Given two words (beginWord and endWord), and a dictionary's word list, find the length of shortest transformation sequence from beginWord to endWord, such that:
- Only one letter can be changed at a time.
- Each transformed word must exist in the word list. Note that beginWord is not a transformed word.
Note:
- Return 0 if there is no such transformation sequence.
- All words have the same length.
- All words contain only lowercase alphabetic characters.
- You may assume no duplicates in the word list.
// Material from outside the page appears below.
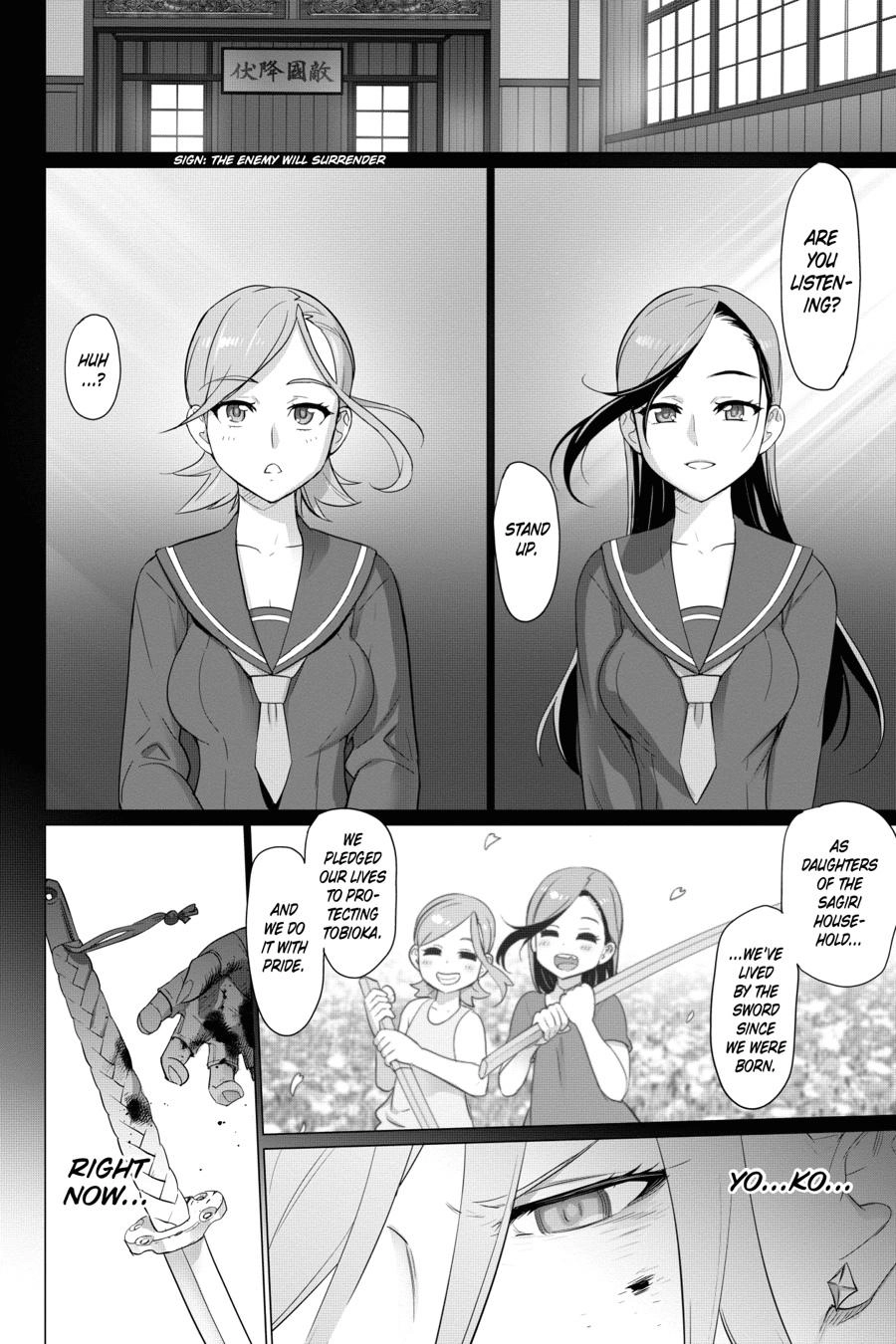 Triage X Chapter 107 page 22 - 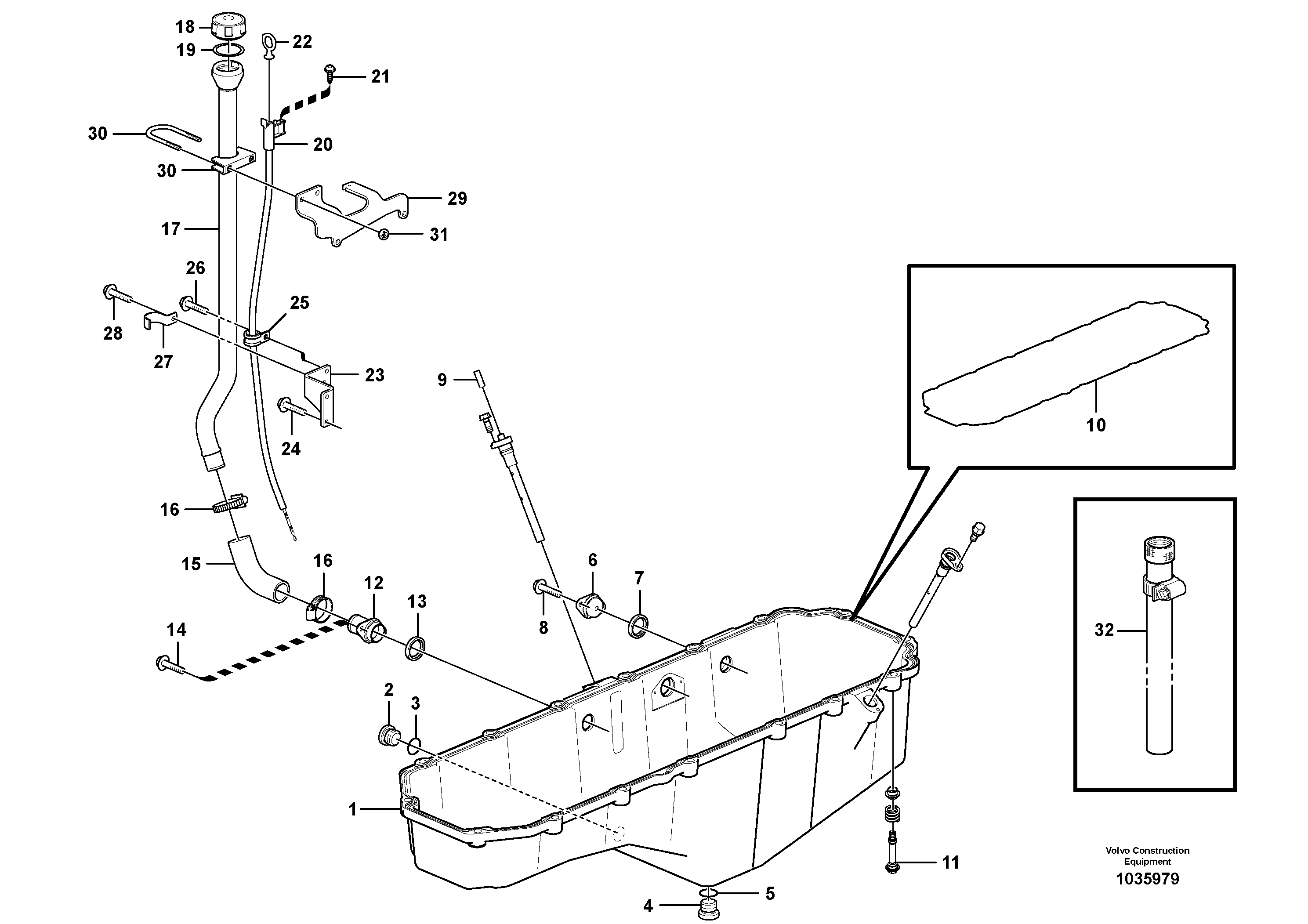 Relay, back-up lamp VOE11158286 VOLVO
- You may assume beginWord and endWord are non-empty and are not the same.
Example 1:
Input: beginWord = "hit", endWord = "cog", wordList = ["hot","dot","dog","lot","log","cog"] Output: 5 Explanation: As one shortest transformation is "hit" -> "hot" -> "dot" -> "dog" -> "cog", return its length 5.
Example 2:
Input: beginWord = "hit" endWord = "cog" wordList = ["hot","dot","dog","lot","log"] Output: 0 Explanation: The endWord "cog" is not in wordList, therefore no possible transformation.
class Solution {
public:
int ladderLength(string beginWord, string endWord, vector<string>& wordList) {
unordered_set<string> dict(wordList.begin(), wordList.end());
unordered_map<string, int> m;
queue<string> que;
m[beginWord] = 1;
que.push(beginWord);
while(!que.empty()) {
string word = que.front();
que.pop();
for (int i = 0; i < word.size(); i ++) {
string newWord = word;
for (char ch='a'; ch <= 'z'; ch ++) { // 逐一枚舉
newWord[i] = ch;
if (dict.count(newWord) && newWord == endWord)
return m[word] +1;
if (dict.count(newWord) && !m.count(newWord)) {
que.push(newWord);
m[newWord] = m[word] + 1;
}
}
}
}
return 0;
}
};